___ Information supplied

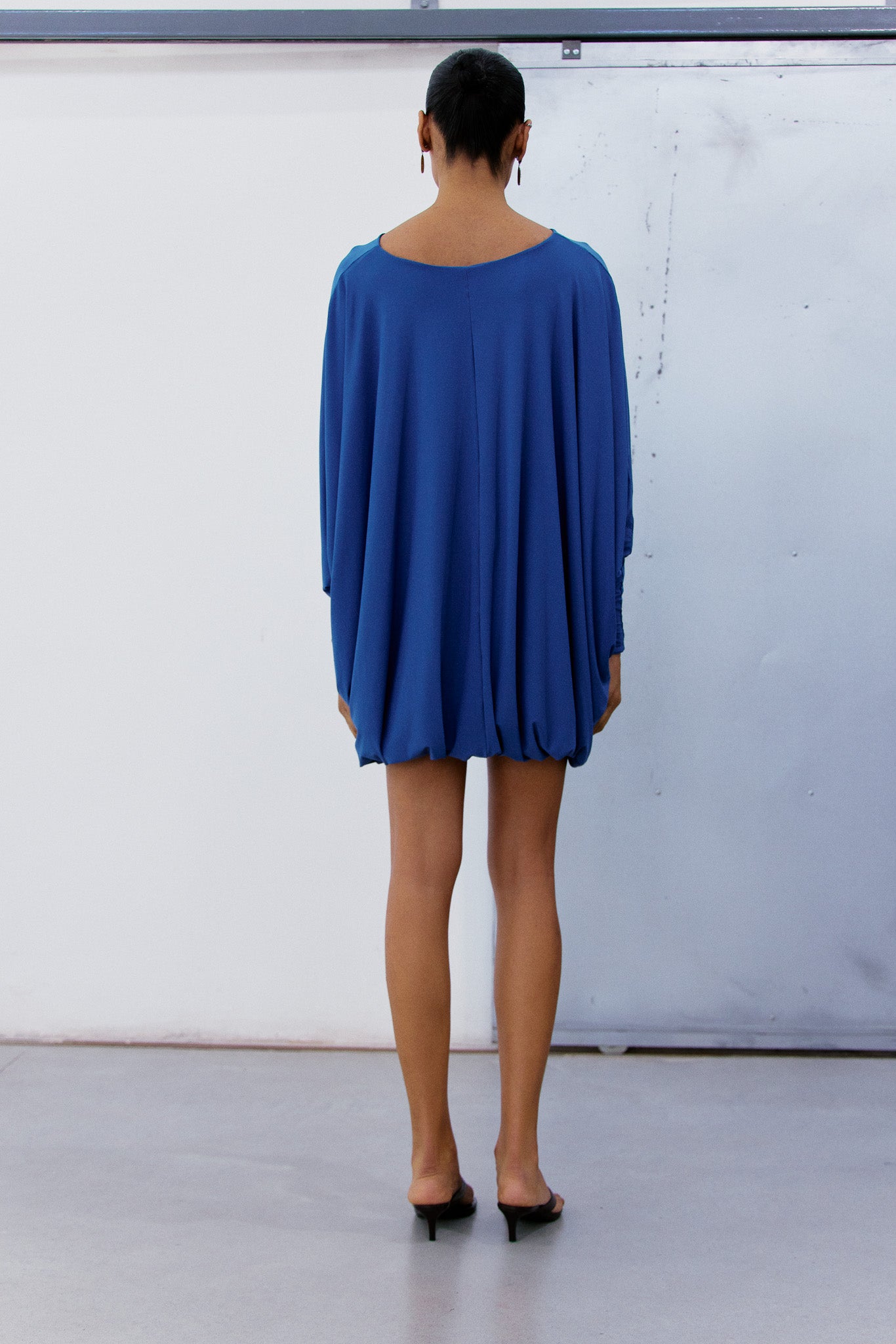 PRÉ-VENDA VESTIDO CURTO OVER COM MANGA MORCEGO-6
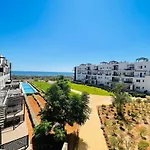 Thalassa Daire Vokolidha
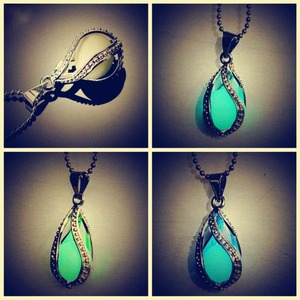 Colliers pendentifs étoile de lune lumineuse pour femmes, collier en pierre lumineuse en forme de cœur creux et de citrouille, bijoux qui brillent dans le noir - Product Image 4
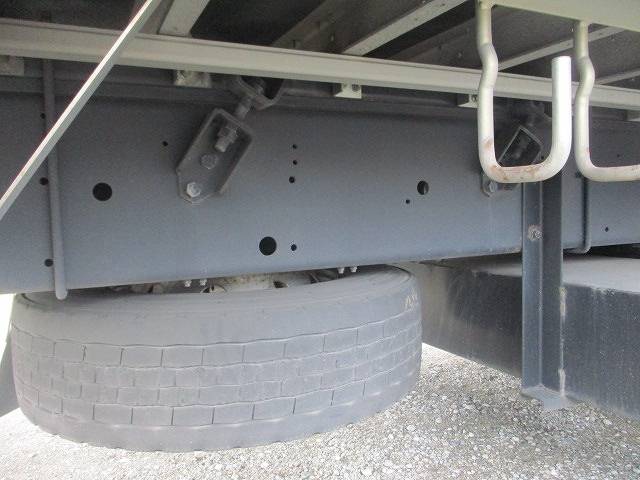 いすゞギガアルミウイング大型（10t）[写真08]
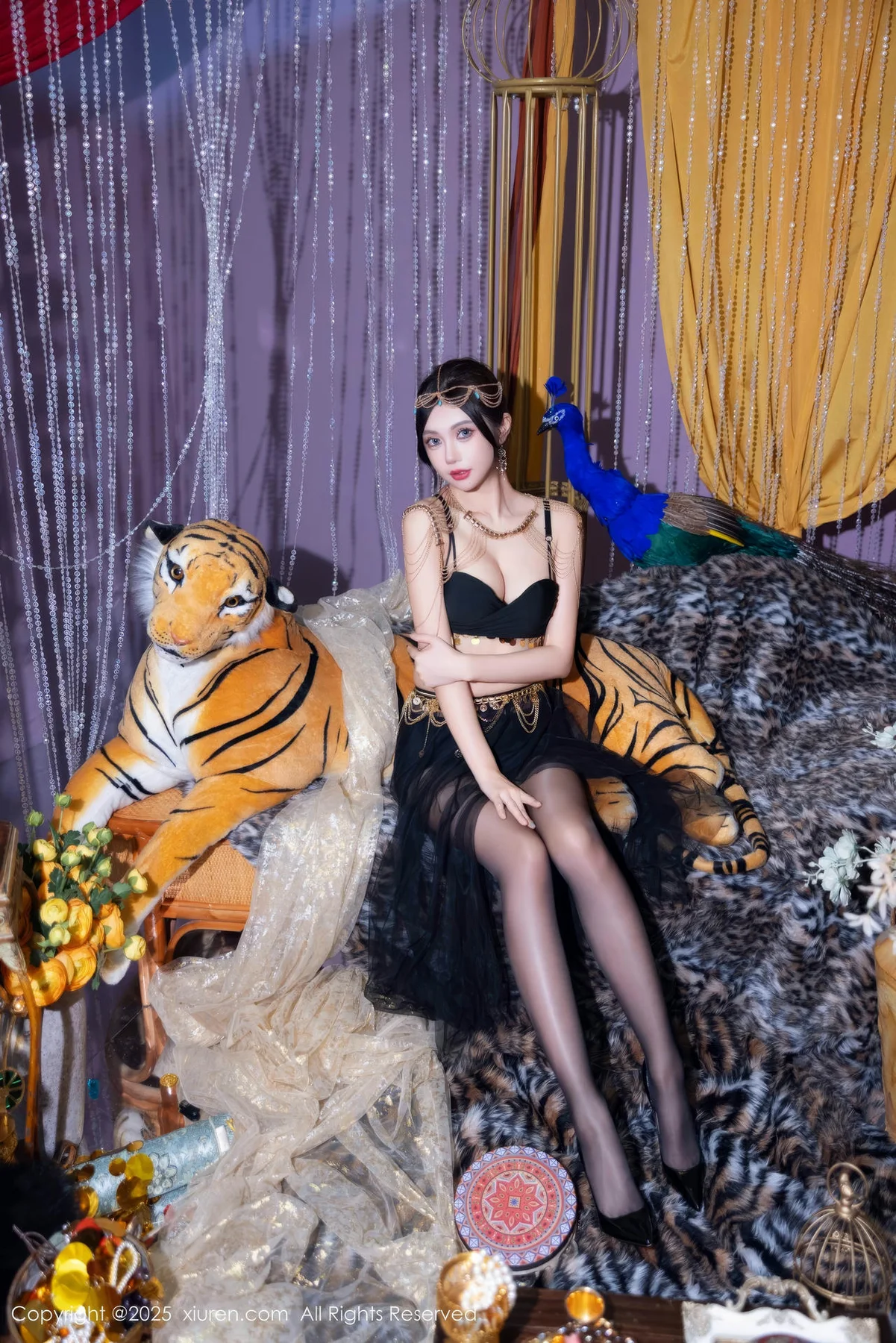 XiuRen 秀人 No.10018 绮里嘉ula 黑丝异域写真 - 9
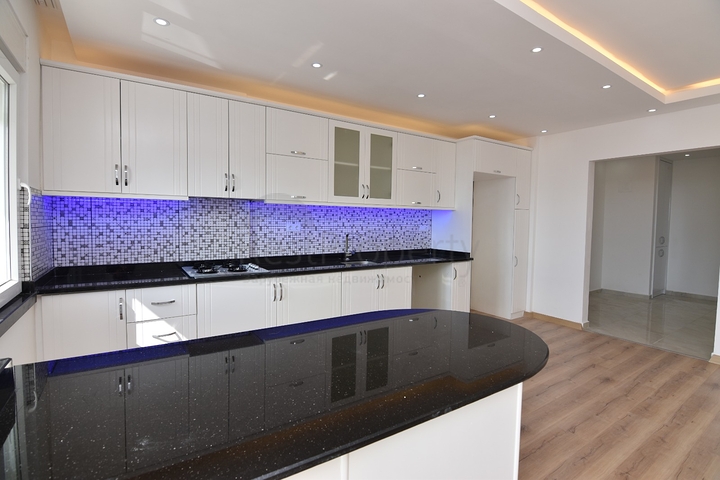 100 متر الى البحر - شقة واسعة 2 غرفة وصالة - في مهوتلار / الانيا 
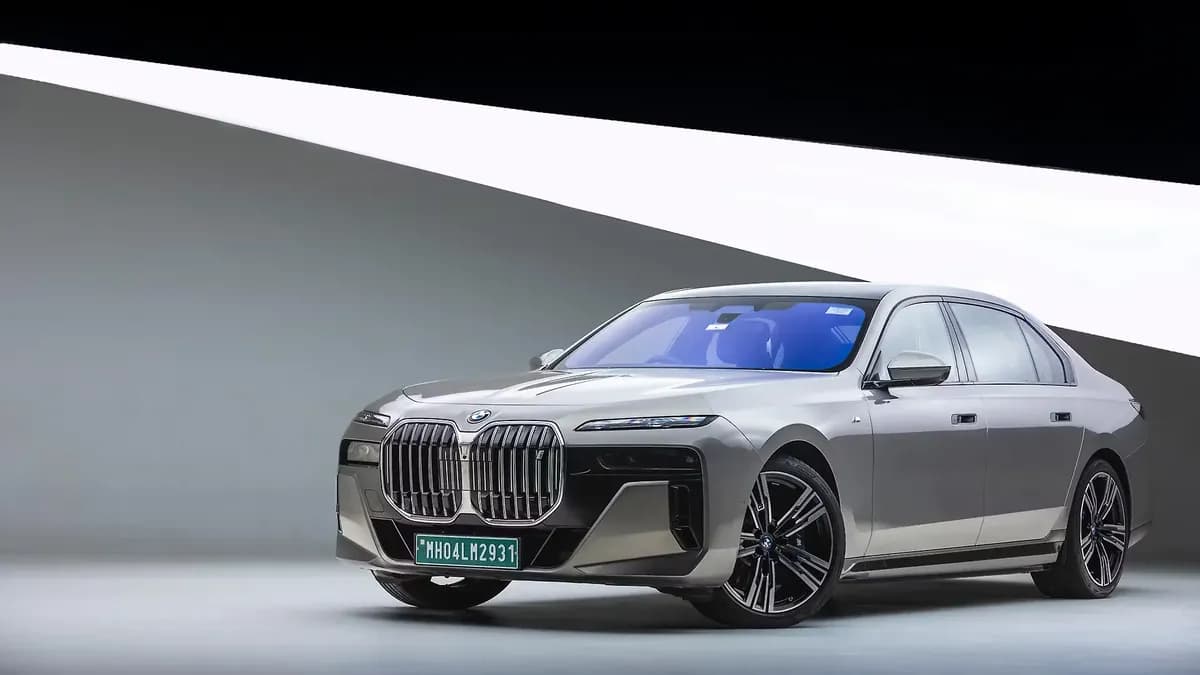 2026 BMW i7 - Image 11
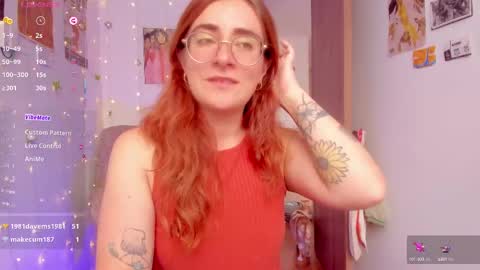 Snapshot of linda_giggle chatting on 9, 10, 2025 Giggles online show from 9, 10, 2025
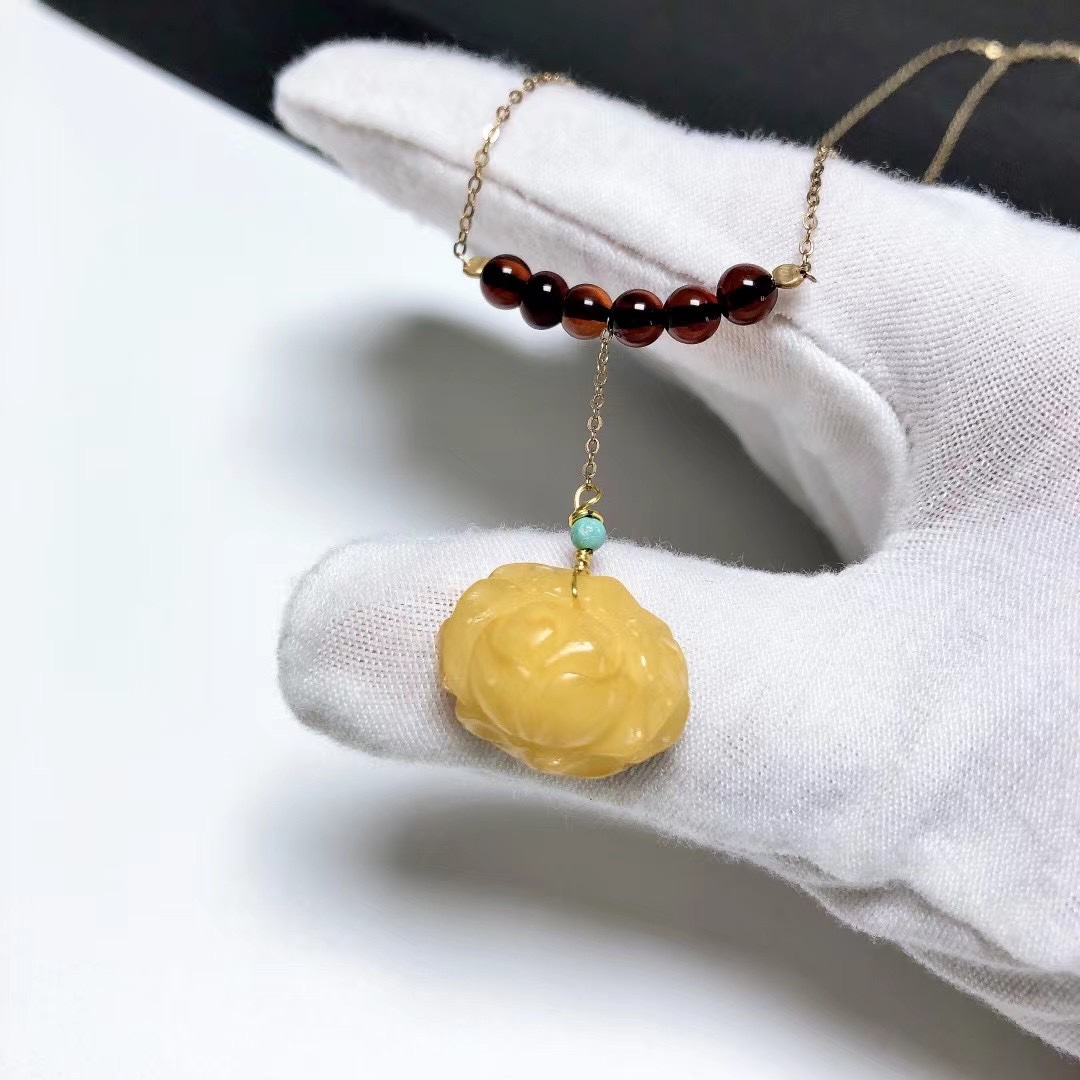 D220# 天然蜜蜡鸡油黄莲花吊坠配血珀圆珠19*15*8.5mm 重2.46克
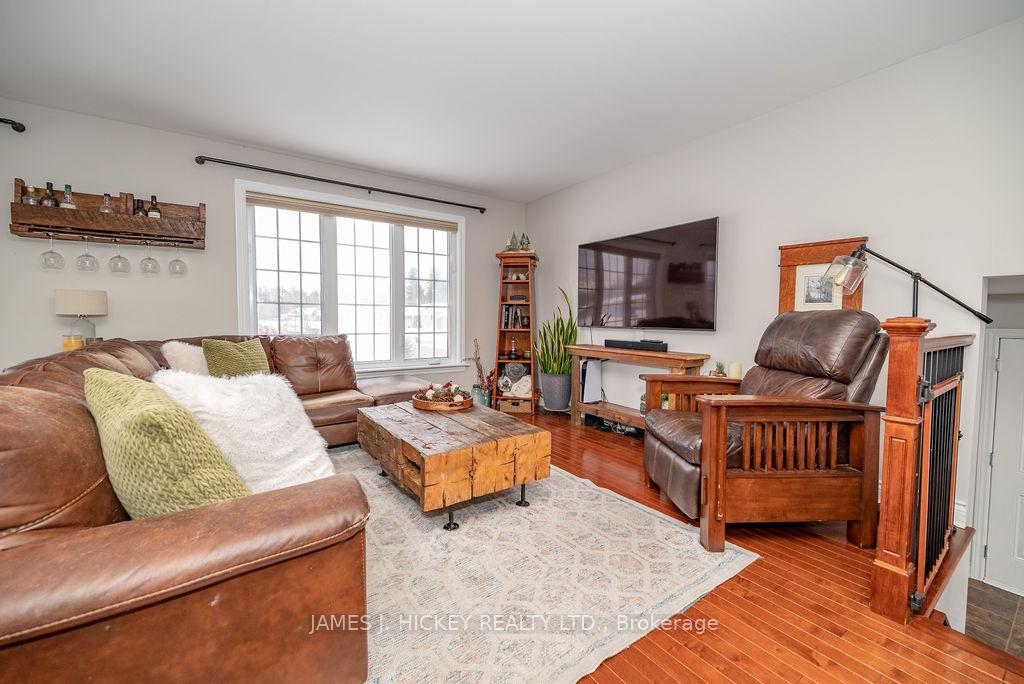 Photo 12 of 1010 Beatty Crescent, Deep River — HOMEH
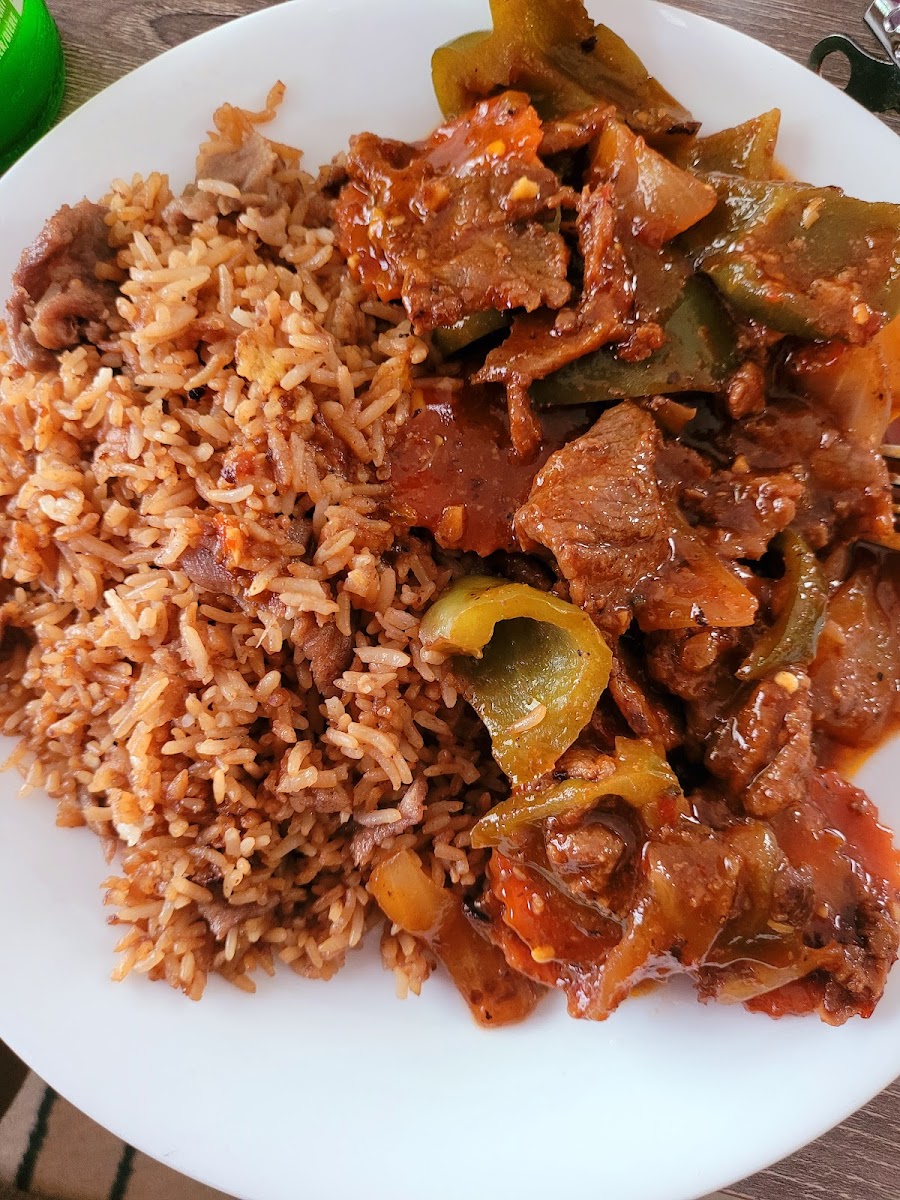 Luong's Restaurant Photo 8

______

**The problem**:
Please copy the records above word for word, leaving out every picture.

**Result for this task**:
 PRÉ-VENDA VESTIDO CURTO OVER COM MANGA MORCEGO-6
 Thalassa Daire Vokolidha
 Colliers pendentifs étoile de lune lumineuse pour femmes, collier en pierre lumineuse en forme de cœur creux et de citrouille, bijoux qui brillent dans le noir - Product Image 4
 いすゞギガアルミウイング大型（10t）[写真08]
 XiuRen 秀人 No.10018 绮里嘉ula 黑丝异域写真 - 9
 100 متر الى البحر - شقة واسعة 2 غرفة وصالة - في مهوتلار / الانيا 
 2026 BMW i7 - Image 11
 Snapshot of linda_giggle chatting on 9, 10, 2025 Giggles online show from 9, 10, 2025
 D220# 天然蜜蜡鸡油黄莲花吊坠配血珀圆珠19*15*8.5mm 重2.46克
 Photo 12 of 1010 Beatty Crescent, Deep River — HOMEH
 Luong's Restaurant Photo 8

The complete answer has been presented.